Melhoria do cuidado neonatal como desafio global é tema da Semana Científica do Centenário IFF/Fiocruz


A conferência “Melhoria do Cuidado Neonatal Como Desafio Global”, proferida pelo professor titular de Pediatria da Universidade McGill, Guilherme Sant'Anna, ocorreu dia 3/4/24 durante a Semana Científica do Centenário do Instituto Nacional de Saúde da Mulher, da Criança e do Adolescente Fernandes Figueira (IFF/Fiocruz).

Logo no início da conferência, Guilherme esclareceu que todos os países devem reduzir a Taxa de Mortalidade Neonatal (TMN) para 12 ou menos mortes por 1.000 nascidos vivos até 2030. “A maioria dos países já atingiu essa meta, como o Brasil que conseguiu reduzir para 9”, disse ele, informando que as 3 principais causas de mortalidade neonatal global são eminentemente tratáveis: Prematuridade, Infecções e Eventos relacionados ao intraparto (“asfixia no nascimento”). No caso das infecções, enfatizou algumas medidas preventivas, como cuidados com a pele e lavagem de mãos, além de evitar antibióticos por muito tempo, alertando que no Brasil o uso acontece de forma excessivo e indiscriminado.
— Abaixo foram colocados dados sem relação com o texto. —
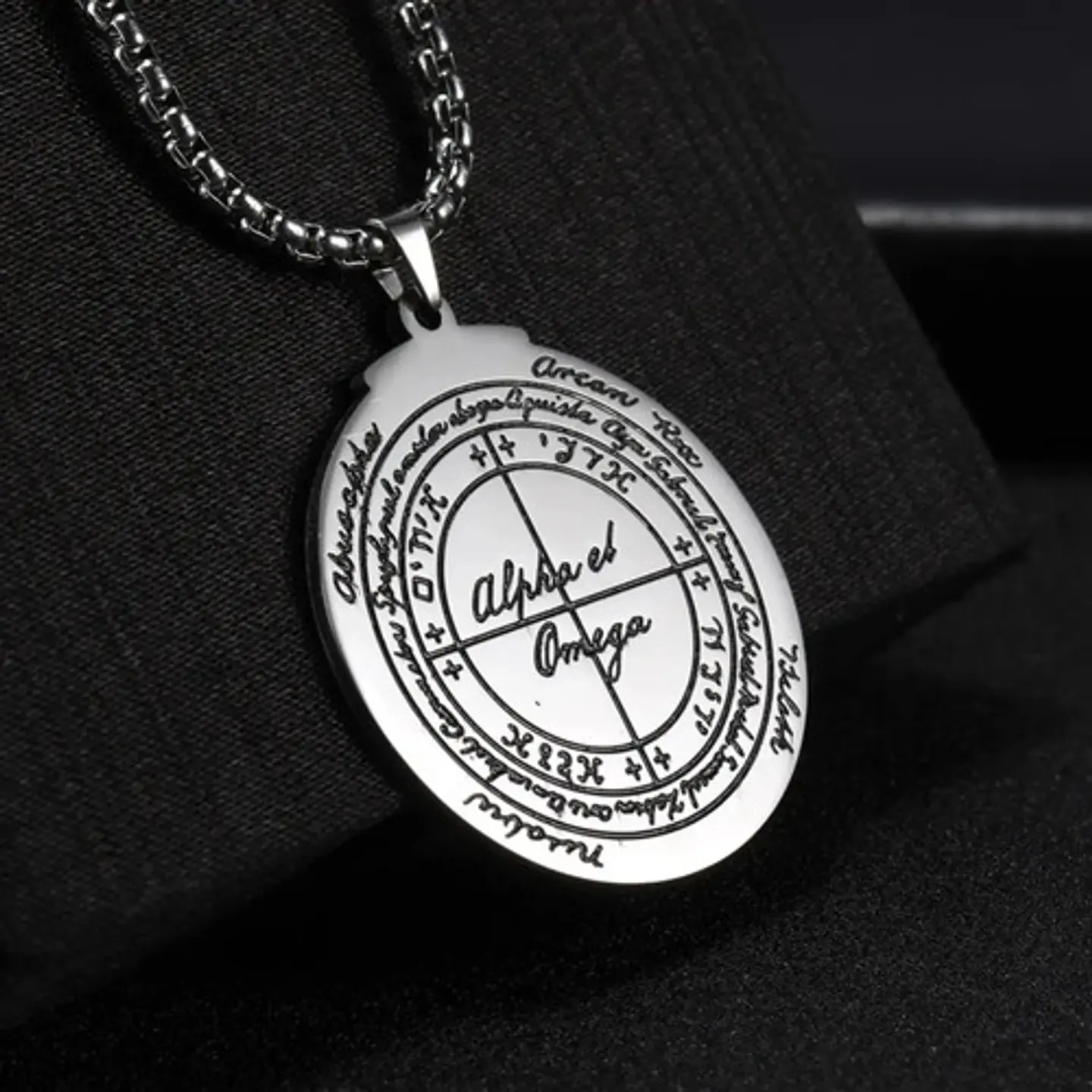 Collar Talismán Amuleto Color Plata Acero Inoxidable Hombre 5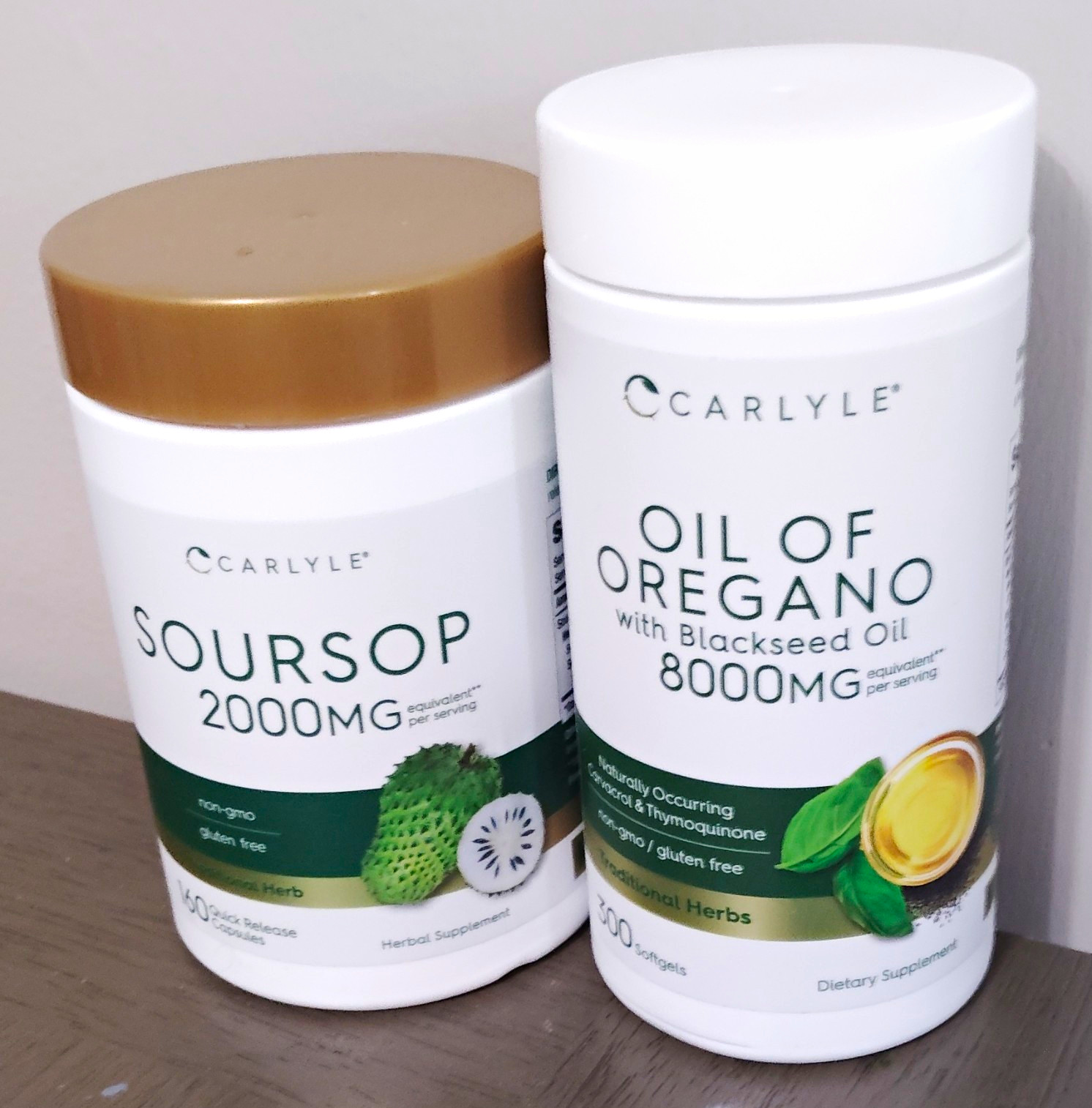 Carlyle Soursop (Graviola) 2000mg Capsules + Oregano Blackseed Softgels 260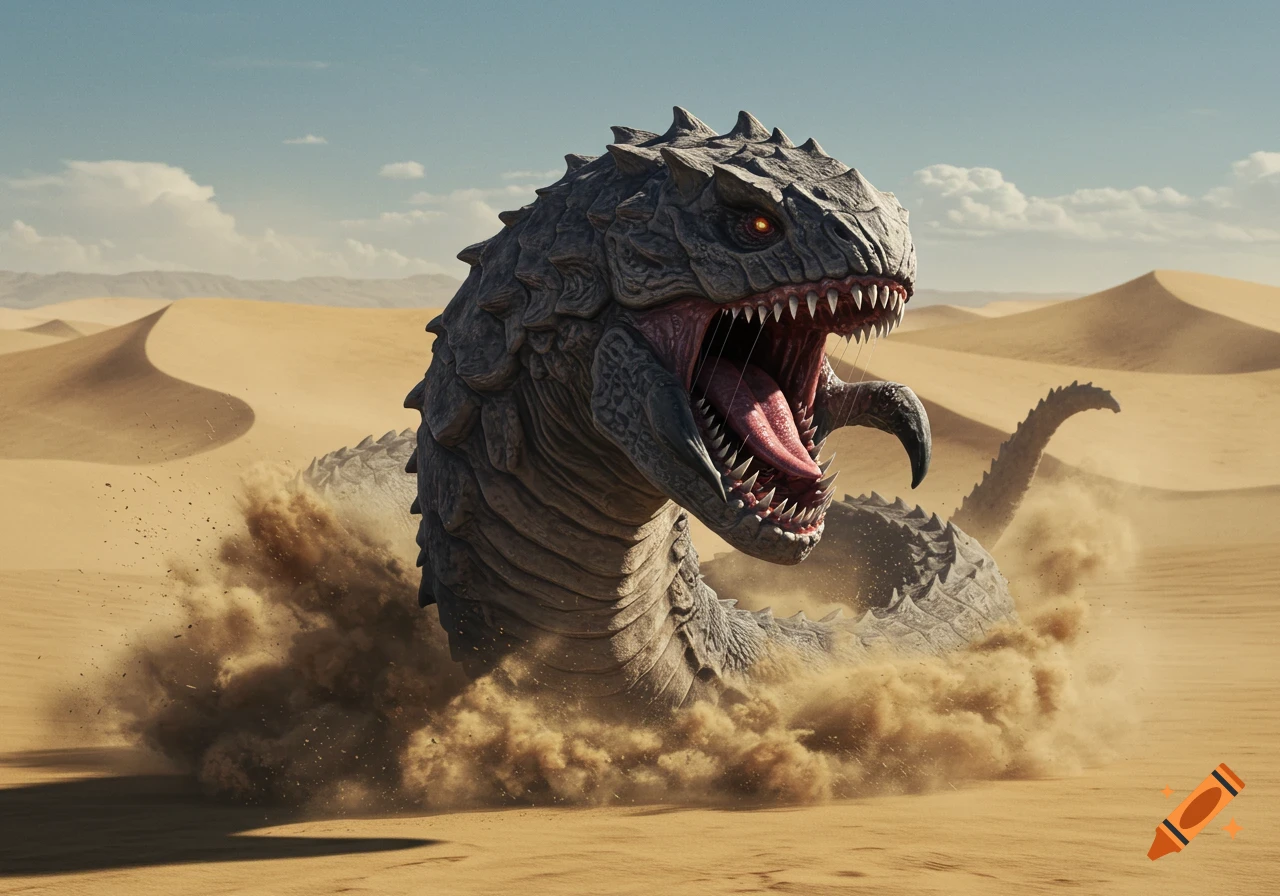 A monstrous, grey, scaly worm-like creature with rows of sharp teeth emerges from desert sands, kicking up dust.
Ao abordar os cuidados gerais com prematuro extremo, o professor destacou a Estratégia QUALINEO, da qual o IFF/Fiocruz, em seu papel de Instituto Nacional, é a instituição executante dessa iniciativa do Ministério da Saúde para melhoria do cuidado e redução da Mortalidade Neonatal no Brasil. Essa estratégia segue, em todo país, articulada com a Estratégia para a Redução da Mortalidade Materna, também sob a condução do Instituto, em trabalho conjunto com todas as unidades federativas.

O conferencista reforçou a lista com os 10 passos para o cuidado neonatal, que concentra uma série de recomendações que tem por objetivo qualificar a atenção ao recém-nascido e sua família, e surgiu como resultado do trabalho integrado que vem sendo realizado pelo Ministério da Saúde, através de consultores envolvidos no cuidado neonatal que atuam na Estratégia QUALINEO, e especialistas do Portal de Boas Práticas em Saúde da Mulher, da Criança e do Adolescente.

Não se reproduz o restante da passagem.